PROBLEM REQUIREMENTS:
Aside from the pictures, copy the listing exactly.

SUPPLIED INFORMATION:

__________________________________________________

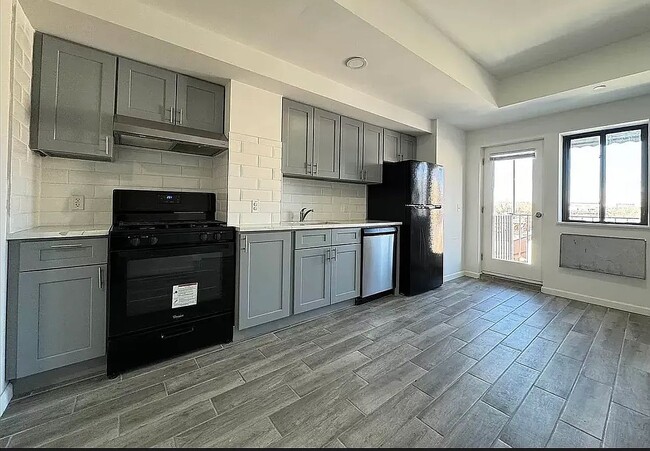 Building Photo - 14-54-43 31st Avenue
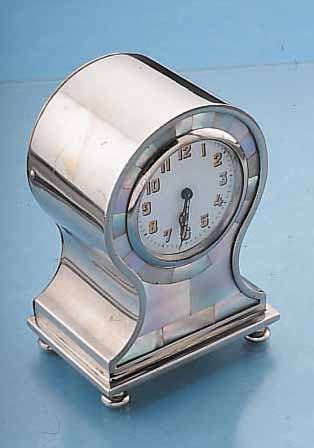HAMBURG AMERIKANISCHE UHRENFABRIK SCHWENNINGENSPäTER JUNGHANS (PFEILKREUZ) TISCHWECKERCHEN, DEUTSCHLAND UM 1912, METALL VERCHR., EMAIL- BL., ...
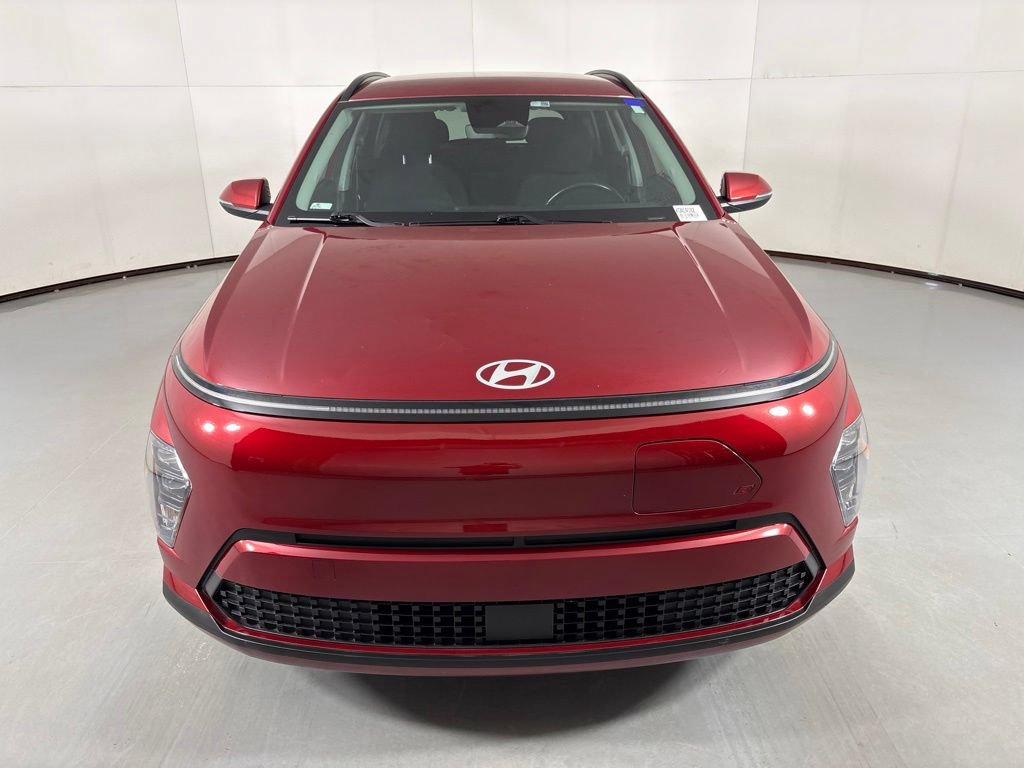 Used 2025 Hyundai Kona SEL FWD image 3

__________________________________________________

OUTPUT FOR THIS TASK:
 Building Photo - 14-54-43 31st Avenue
HAMBURG AMERIKANISCHE UHRENFABRIK SCHWENNINGENSPäTER JUNGHANS (PFEILKREUZ) TISCHWECKERCHEN, DEUTSCHLAND UM 1912, METALL VERCHR., EMAIL- BL., ...
 Used 2025 Hyundai Kona SEL FWD image 3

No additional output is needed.